Среди его ранних стихов имеются шуточные октавы, говорящие о том, что женский пол стал волновать его воображение, но мысли о скульптуре подавляли всё остальное, не оставляя в покое.
В этих стихах сильно влияние известного флорентийского брадобрея Доменико ди Джованни по прозвищу Буркьелло, одного из зачинателей бурлескной поэзии, получившей широкое распространение. Граначчи был вне себя от радости от такого презента, попросив автора разрешить ему прочитать стихи ребятам.

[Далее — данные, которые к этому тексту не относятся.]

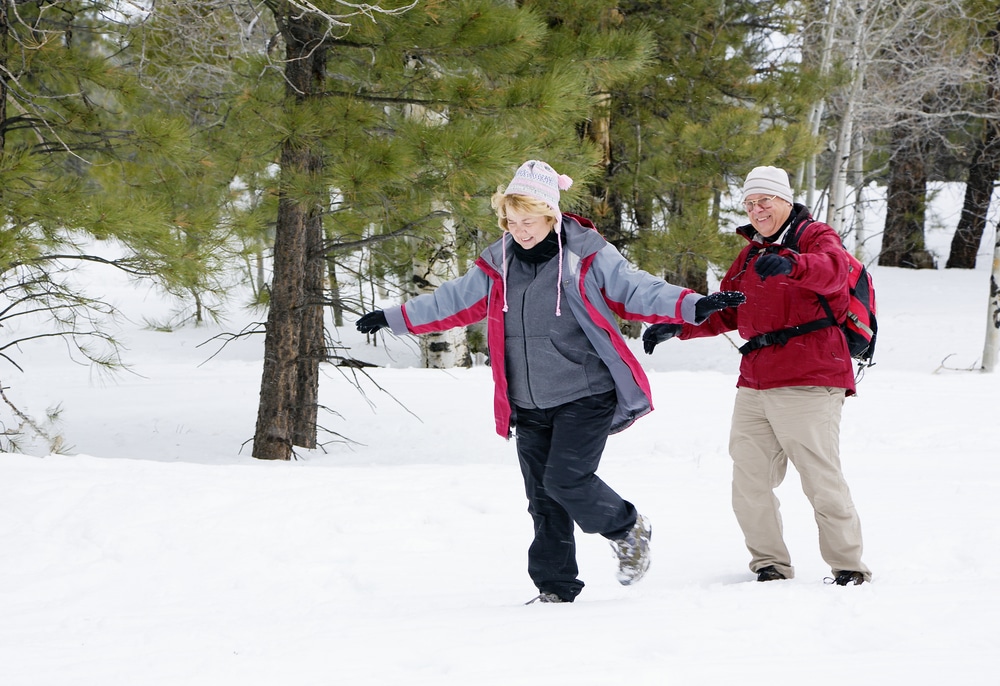 The Art Of Avoiding Slips And Falls All Winter Long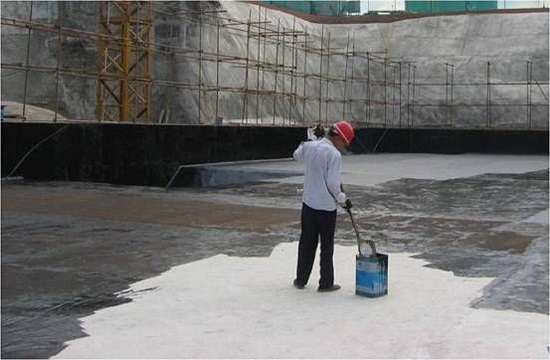 武汉防水堵漏施工公司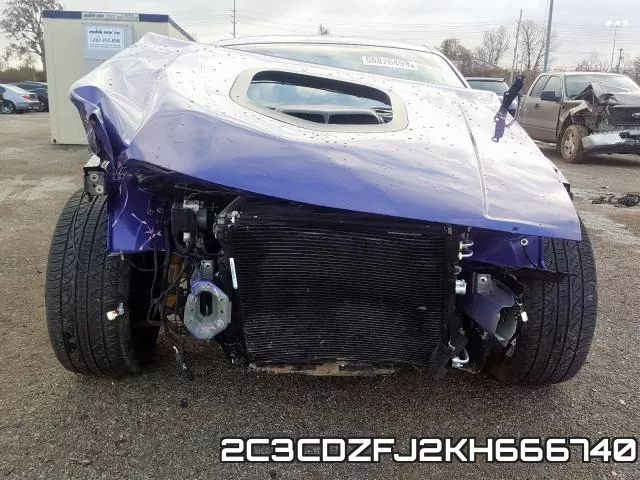 2C3CDZFJ2KH666740 фото 10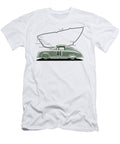 10 Porsche 356 Sl Coupe Gmund 1951 24 Hours of Le Mans Vladislav Shapovalenko T-Shirt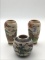 Lot of 3 Including Matched Pair of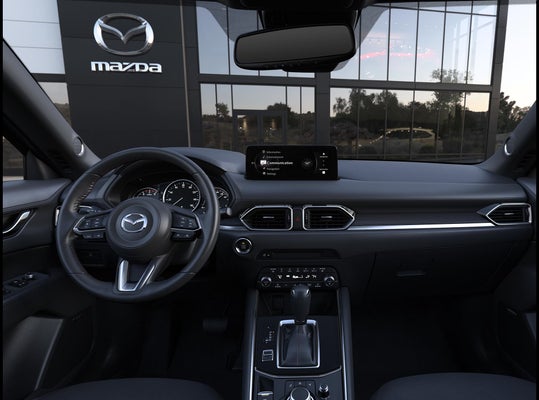 2024 Mazda Mazda CX-5 2.5 Turbo Premium AWD in Stuart, FL - Wallace Auto Group
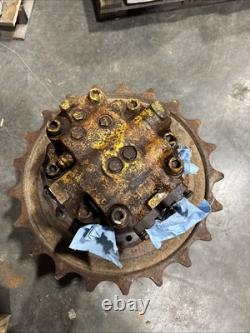 FINAL DRIVE ASSY KOMATSU PC220LC-5L With Travel Motor Very Clean Oil! PC220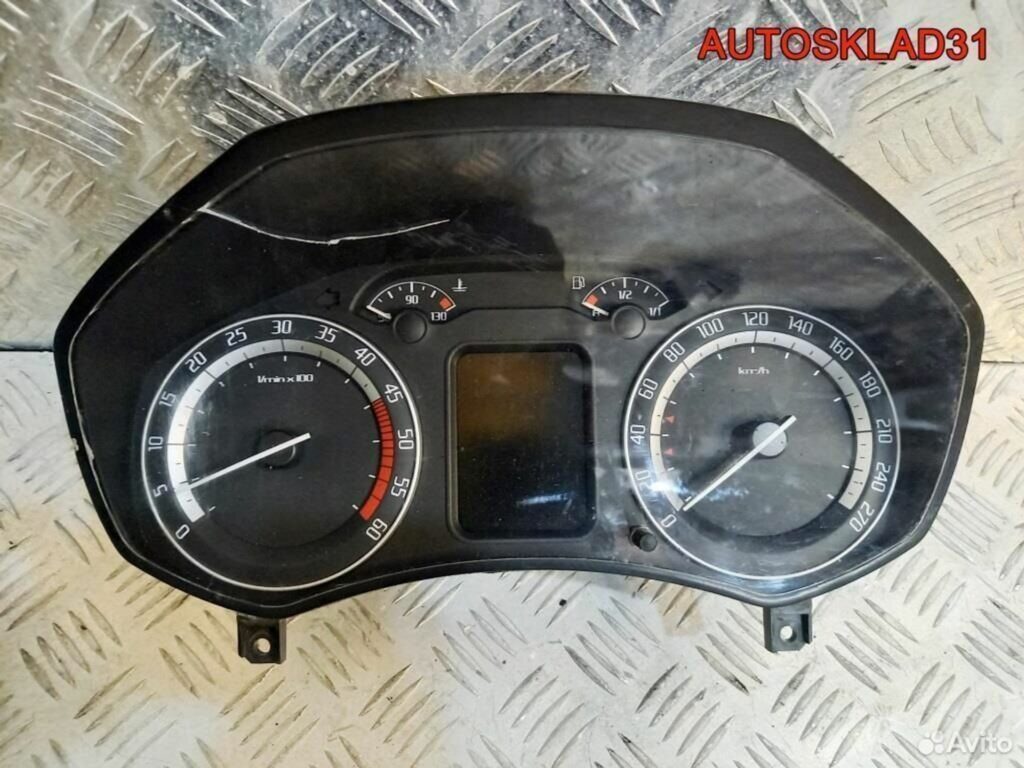 Панель приборов Skoda Octavia A5 1Z0920842E дизель - АвтоСклад31.рф - авторазборка контрактные б/у запчасти в г. Белгород Панель приборов Skoda Octavia A5 1Z0920842E дизель - АвтоСклад31.рф - авторазборка контрактные б/у запчасти в г. Белгород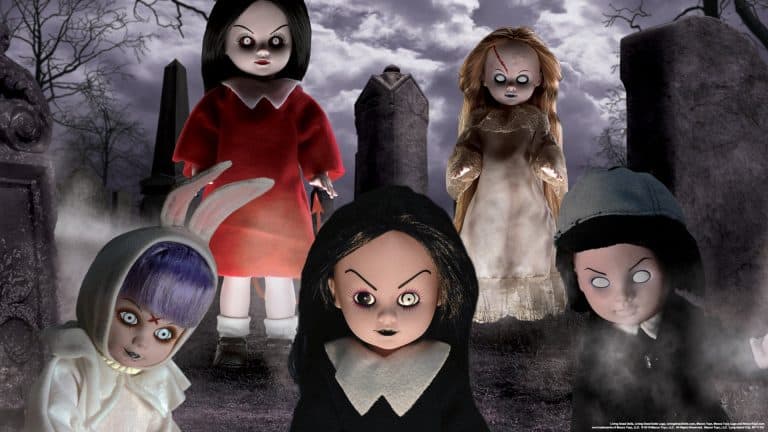 Living Dead Dolls: The Complete Collector’s Guide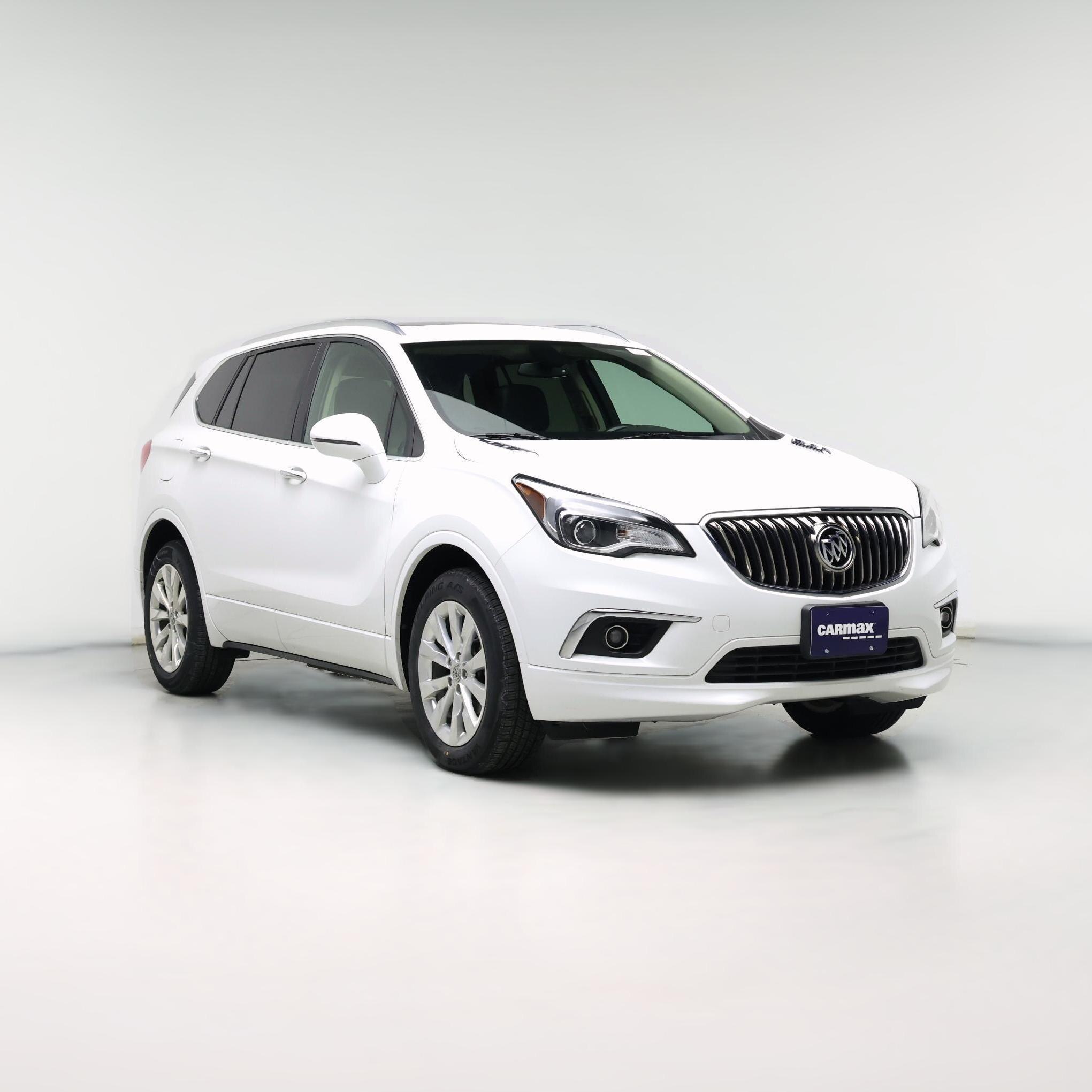 Thumbnail: 2017 Buick Envision - 1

— Согласен, но обо мне ни слова!
Ему больше всего не хотелось, чтобы в мастерской узнали, что он втайне пишет стихи. Под конец обеда Граначчи поднялся из-за стола и, попросив минуту внимания, зачитал три октавы друга, высмеивающие недоделки матери-природы. Вся мастерская разразилась смехом и криками «браво!». Вопрос об авторе удалось замять, а Давид распорядился принести из погреба несколько фьясок кьянти и нарезанный ломтиками огромный переспелый арбуз, что вызвало новый взрыв веселья.
Однажды в руках одного из учеников Микеланджело увидел рисунок пером трёх женских фигур, выполненный по заданию мастера. Ему захотелось подправить рисунок, и несколькими штрихами он придал фигурам большую живость и естественность. Автор рисунка, добродушный Буджардини, был признателен за внесённые исправления, но спросил:
— Откуда тебе знать, как выглядят женщины?
— Не они меня интересуют, — последовал ответ, — а их тело, красоту которого ты, наивная душа, по недомыслию упрятал под складками одежды.
Когда Буджардини показал исправленный рисунок мастеру, тот похвалил его, сказав:
— Видишь, стоит только постараться, как всё получается. На сей раз и фигуры у тебя жизненны и пластичны, словно высеченные из камня изваяния. Молодец!
Зардевшись от такой похвалы, честный Буджардини признался, что его работу подправил Микеланджело. Ничего не сказав в ответ, Гирландайо про себя подумал: «Этот парень, кажется, лучше меня разбирается в рисунке».